From mboxrd@z Thu Jan  1 00:00:00 1970
From: Ben Hutchings <bhutchings@solarflare.com>
Subject: Re: [PATCH net-next 12/19] net neighbour:  Convert to use
 register_net_sysctl
Date: Sun, 22 Apr 2012 03:36:55 +0100
Message-ID: <1335062215.3209.330.camel@deadeye>
References: <m1aa27ia6h.fsf@fess.ebiederm.org>
	 <m1ehrjfg2s.fsf@fess.ebiederm.org> <4F90F26B.3090906@parallels.com>
	 <m1ty0ec1bg.fsf@fess.ebiederm.org>
Mime-Version: 1.0
Content-Type: text/plain; charset="UTF-8"
Content-Transfer-Encoding: 7bit
Cc: Pavel Emelyanov <xemul@parallels.com>,
	David Miller <davem@davemloft.net>,
	"netdev@vger.kernel.org" <netdev@vger.kernel.org>,
	"Serge E. Hallyn" <serge@hallyn.com>,
	Gao feng <gaofeng@cn.fujitsu.com>,
	"pablo@netfilter.org" <pablo@netfilter.org>,
	Stephen Hemminger <shemminger@vyatta.com>
To: "Eric W. Biederman" <ebiederm@xmission.com>
Return-path: <netdev-owner@vger.kernel.org>
Received: from webmail.solarflare.com ([12.187.104.25]:24561 "EHLO
	ocex02.SolarFlarecom.com" rhost-flags-OK-OK-OK-FAIL)
	by vger.kernel.org with ESMTP id S1751975Ab2DVCmc (ORCPT
	<rfc822;netdev@vger.kernel.org>); Sat, 21 Apr 2012 22:42:32 -0400
In-Reply-To: <m1ty0ec1bg.fsf@fess.ebiederm.org>
Sender: netdev-owner@vger.kernel.org
List-ID: <netdev.vger.kernel.org>

On Fri, 2012-04-20 at 00:25 -0700, Eric W. Biederman wrote:
> Pavel Emelyanov <xemul@parallels.com> writes:
> 
> >> @@ -2925,19 +2924,7 @@ int neigh_sysctl_register(struct net_device *dev, struct neigh_parms *p,
> >>  {
> >>  	struct neigh_sysctl_table *t;
> >>  	const char *dev_name_source = NULL;
> >> -
> >> -#define NEIGH_CTL_PATH_ROOT	0
> >> -#define NEIGH_CTL_PATH_PROTO	1
> >> -#define NEIGH_CTL_PATH_NEIGH	2
> >> -#define NEIGH_CTL_PATH_DEV	3
> >> -
> >> -	struct ctl_path neigh_path[] = {
> >> -		{ .procname = "net",	 },
> >> -		{ .procname = "proto",	 },
> >> -		{ .procname = "neigh",	 },
> >> -		{ .procname = "default", },
> >> -		{ },
> >> -	};
> >> +	char neigh_path[ sizeof("net//neigh/") + IFNAMSIZ + IFNAMSIZ ];
> >
> > Why two IFNAMSIZ-es?
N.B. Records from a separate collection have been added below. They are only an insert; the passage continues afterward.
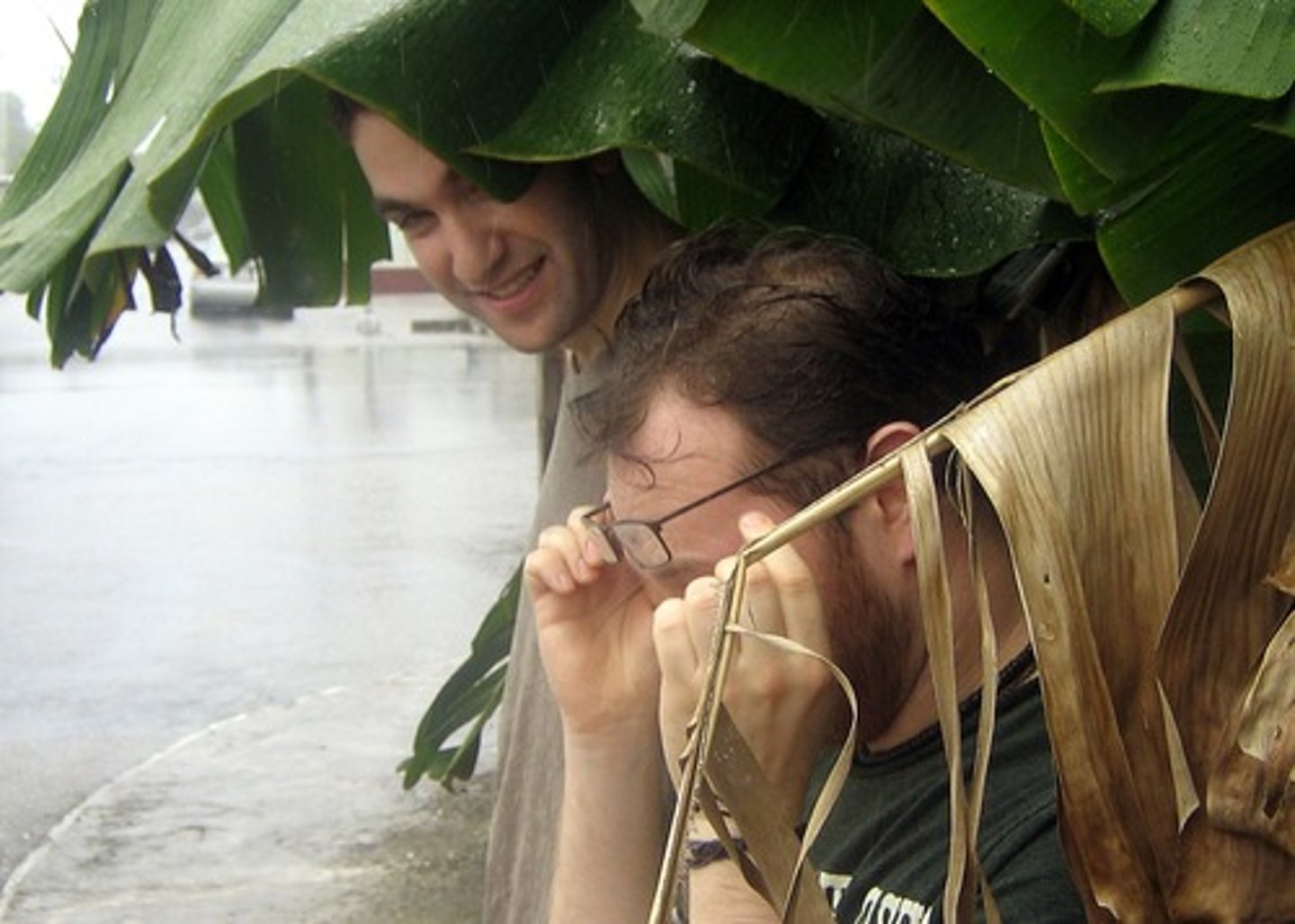 <p>to take shelter</p>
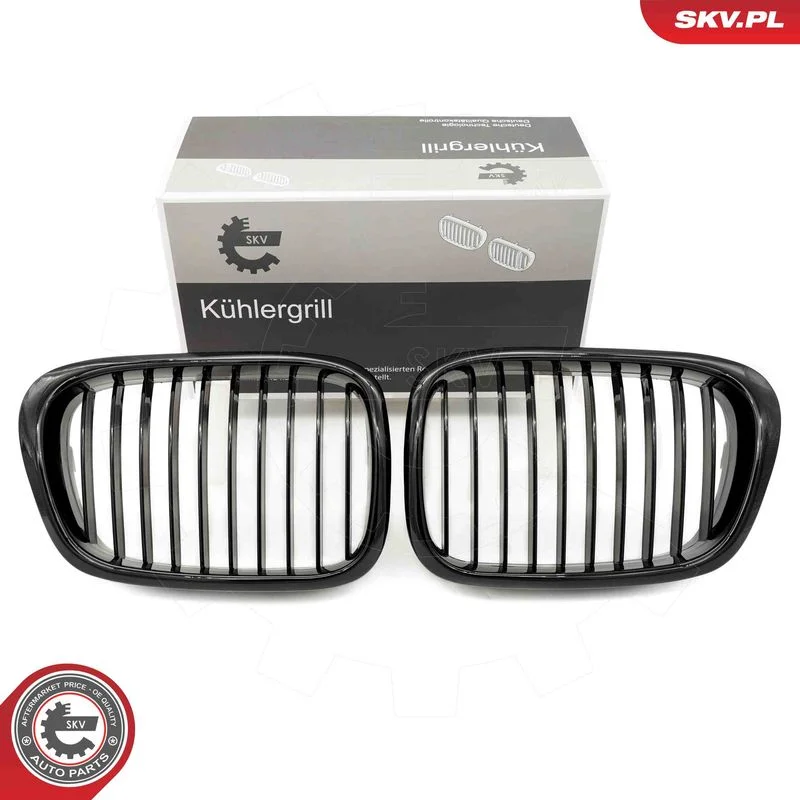 Grelha do radiador ESEN SKV 66SKV156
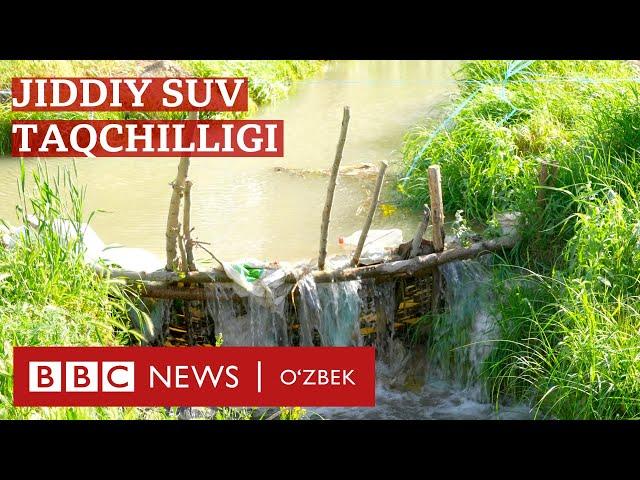 Ўзбекистон: Сув борасида келажак аянчли – давлат олимларга қулоқ солиши лозимми? - BBC News O'zbek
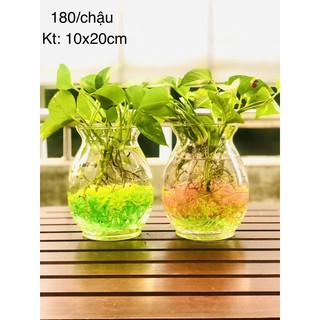 Chậu trầu bà thuỷ sinh kèm san hô lớn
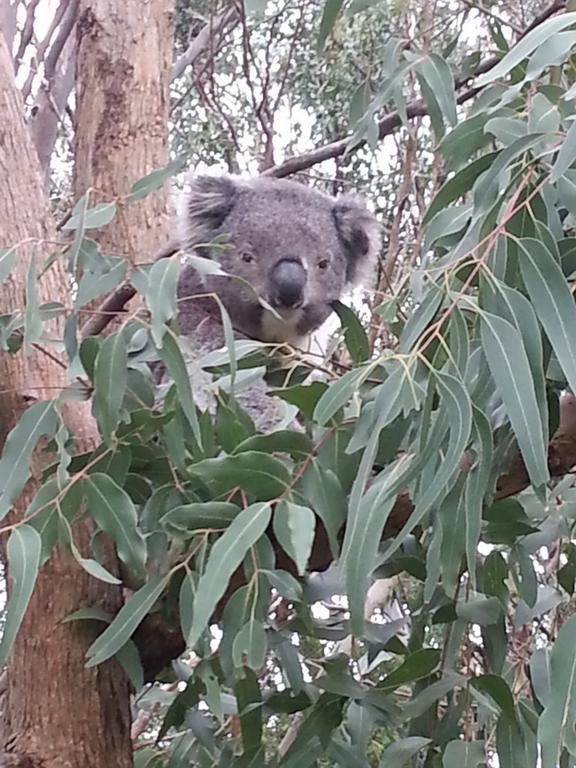 Shearwater Cottages Apollo Bay Rum bild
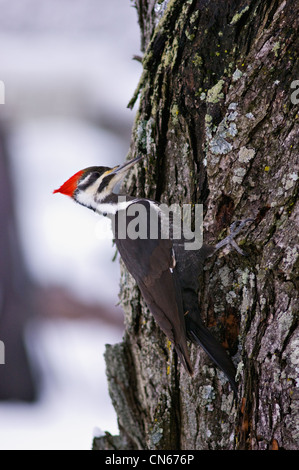 Helmspecht auf Ahornbaum in Indiana Stockfoto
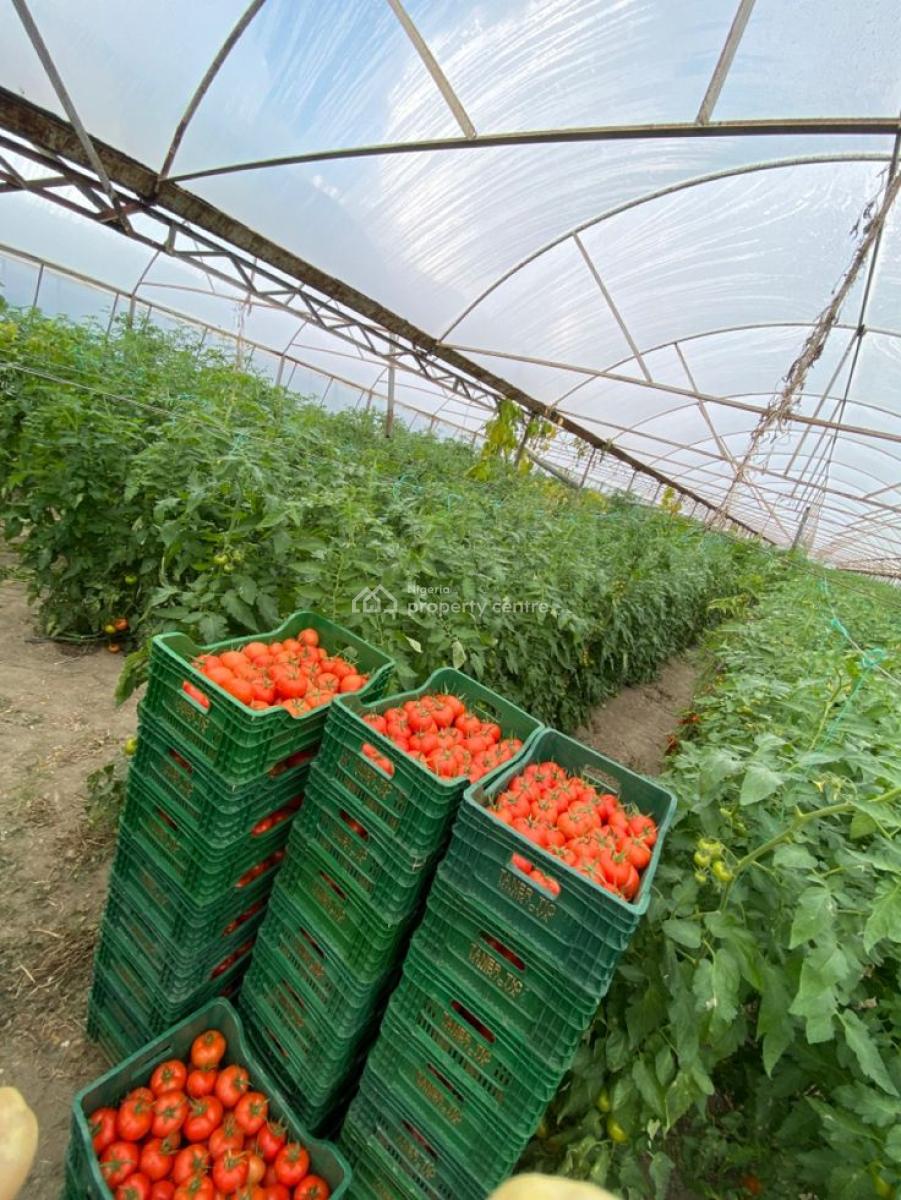 Own Fertile Farmland with Cofo Today,invest in Your Future, Arcview Farm Estate,shagamu Interchange, Obafemi Owode, Ogun, Commercial Land for Sale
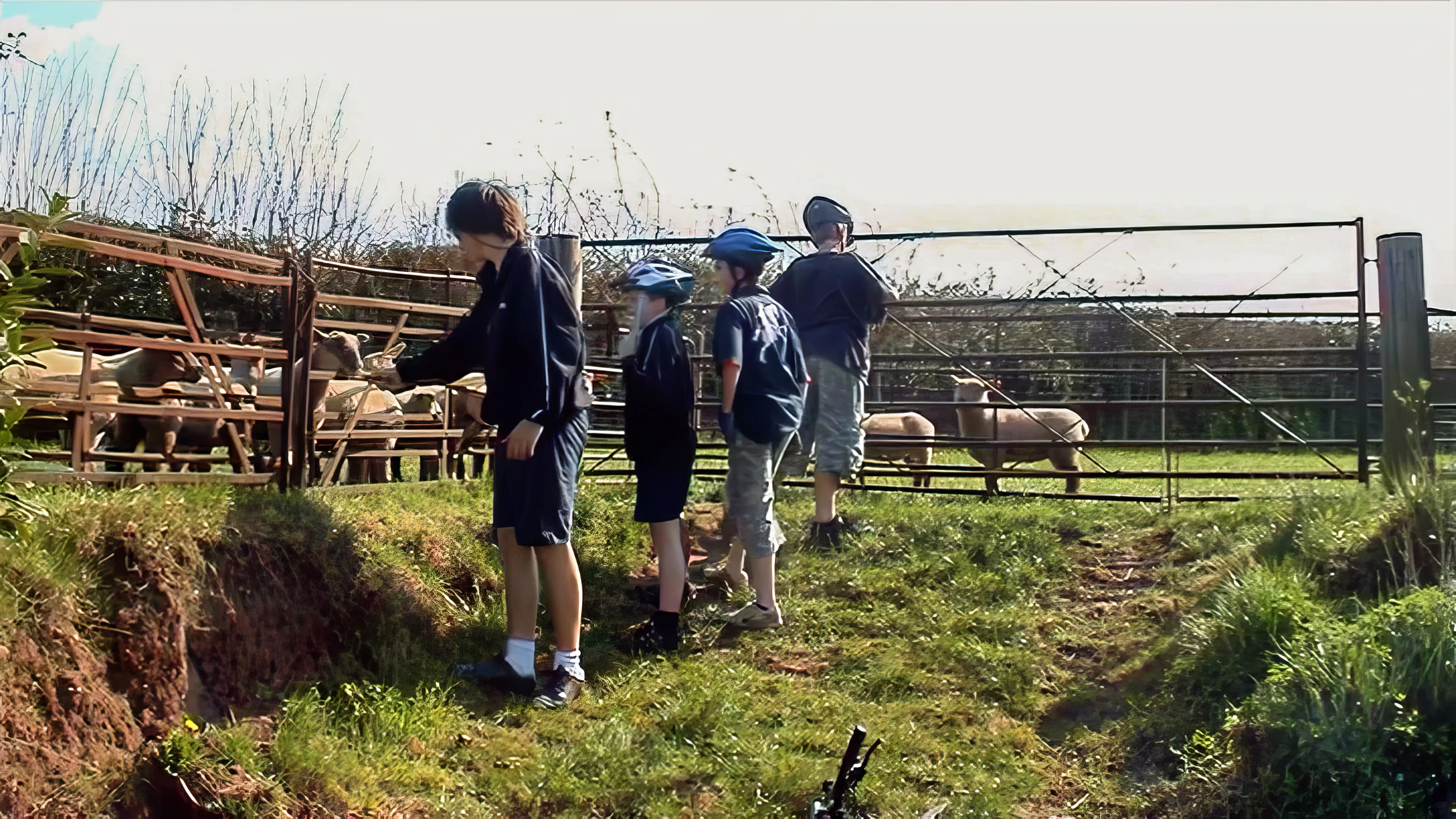 Lambs demand fuss at The Gables, Spaxton, 25.8 miles from Cheddar.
One is for the dev->name, but the other one is not.
> > Is it just for not having any other better constant at hands?
> 
> Yep.  We don't seem to have any proto name size constants, and all
> of decnet ipv4 and ipv6 are all shorter than the 16 bytes of IFNAMSIZ.

I don't think it makes any sense to put in IFNAMSIZ as a size for a
string that isn't a device name.

> Even if I am wrong the snprintf below truncates it's output to the
> buffer size and null terminates it so in the worst case we won't cause
> a buffer overflow, we will just get a truncated path name to pass
> to sysctl.
> 
> Shrug I stopped at good enough but I am happy for a better number.

Truncation by snprintf() is definitely better than overflow, but we
should also check and WARN so that if someone breaks this it's hard to
miss.

Ben.

-- 
Ben Hutchings, Staff Engineer, Solarflare
Not speaking for my employer; that's the marketing department's job.
They asked us to note that Solarflare product names are trademarked.